Tribute to Juan José Arenas

Juan Jose Arenas

Tributes to Juan José Arenas have been many and widespread across the international bridge engineering community after he passed away last November. Héctor Beade-Pereda, IABSE British Group member and 2016 IABSE Prize winner, remembers him:

The demise of Juan José Arenas (Huesca, Spain, 1940 – Santander, Spain, 2017), an exceptionally talented bridge designer and civil engineer, is an irreplaceable loss for our industry. Juan José designed a number of remarkable bridges in his life, using different materials and structural types, many times unconventional ones.

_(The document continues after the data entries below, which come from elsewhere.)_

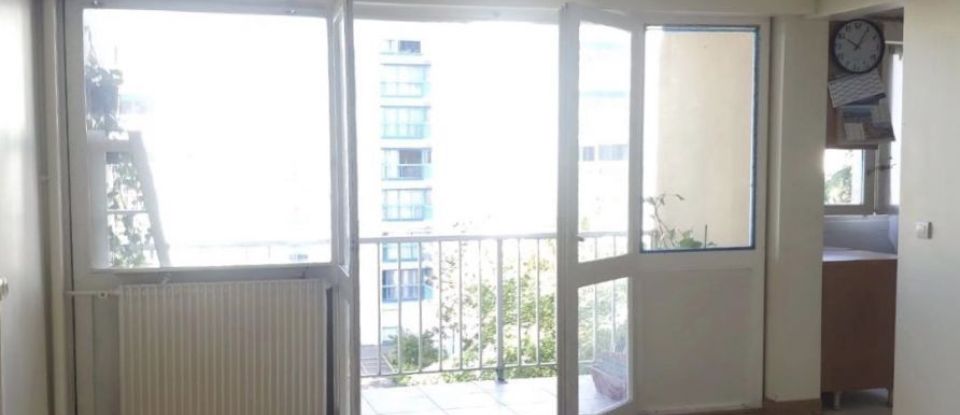 Vente Appartement 69m² 3 Pièces à Argenteuil (95100) - Iad France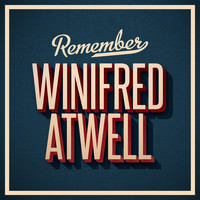 Winifred Atwell - Remember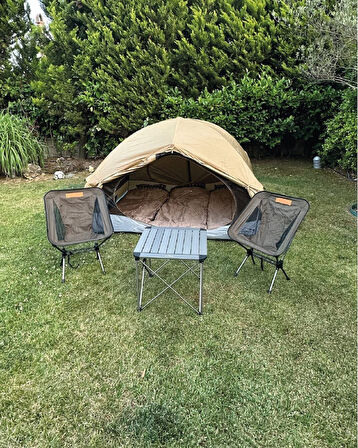 Campout Neptune 3 Kamp Çadırı NG NPTN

A number of examples show his courage and self-confidence to explore new territories in his designs: Barqueta Bridge in Seville was the first of a family of bowstring arches that combined a single central arch and inclined transversal frames at its ends, La Arena Viaduct was one of the first multi-span cable-stayed brides in the world, Barcelona Harbour Bridge was the bascule bridge with the longest span when built, and the Third Millennium Bridge in Zaragoza, his last major project, is the bowstring bridge built in concrete with the longest span and the first one built using high-strength self-compacting white concrete. Arenas received a number of awards and recognitions for his bridges (ECCS European Award for Steel Structures, Gustave Magnel Gold Medal and Fib Award for Outstanding Concrete Structure, among many others) and his career (IABSE International Award of Merit in Structural Engineer, Laurea Magistrale Honoris Causa from the Architecture School of Palermo University and Laureate Engineer Recognition from the Spanish Royal Academy of Engineering, among many others).

Arenas reconciled during most of his career the role of Professor at the Civil Engineering School of Santander and bridge designer, being the founder of APIA XXI and Arenas & Asociados, the companies where he designed his most important bridges. However, besides numbers, records and awards, what made Juan José unique was his ability to combine rigour, sensitivity and passion when designing bridges. He has been an inspiration for many and should be an everlasting example to all the professionals of this discipline.

When in the last years of my engineering studies I began to have a better knowledge of the Spanish contemporary bridge design companies, the figure of Juan José Arenas immediately attracted my attention, highlighting from the rest. His bridges might have comparable general layouts to those designed by others, but the elegance of their shapes and, especially, how carefully detailed every element was regardless of their structural responsibility, made his bridges special for me. The drawings were especially beautiful too, apart from the main constructive purpose, there was an aesthetic aspiration in them. Arena’s bridges were a joy for someone with my strong bridge designer (not strictly bridge engineer) vocation and working with him became my dream at that time. This dream became true four years later and it was a huge pleasure and pride having had the opportunity to work with him for almost ten years.

Sadly, he already suffered from the cruel disease that limited him personally and professionally in the last part of his career but, because of that he was, for those who have the chance to work with him, much more than the obviously gifted designer and brilliant engineer, he was also the best example of perseverance and fight against adversities. He would never complain about this limitation (what’s more, he frequently apologised for it) in his permanent ambition to achieve the best possible bridges. And good bridges, in his own words, were based on ethics, aesthetics and statics. Arenas wouldn’t care about starting a project close to the delivery date again from scratch, even one successful for the client eyes, if he thought at any point of the process that the decisions made so far were improvable. Business logics were always secondary when compared with bridge quality. That’s how much he cared about his work.

I remember a short anecdote that shows some aspects of his personality. We were with other colleagues form the company in a meeting with our client during the construction of the Third Millennium Bridge in Zaragoza, a very (very) complex concrete bow-string arch whose detailed design had been finished three years earlier. During an intense discussion about construction feasibility (the bridge was being questioned that day), Arenas was quietly drawing sketches and noting down some equations. After a while he interrupted the conversation and he said: I got scared, I thought the bridge was wrong. The deck seemed to be far too slender. But it is thanks to the short side spans. It’s always useful to make decks continuous, if possible. That’s how he was: natural, transparent, honest, always concerned about the bridge… and much more careless about the process.

Thank you for your generosity and your legacy, Juan José. Very grateful for everything. Rest in peace.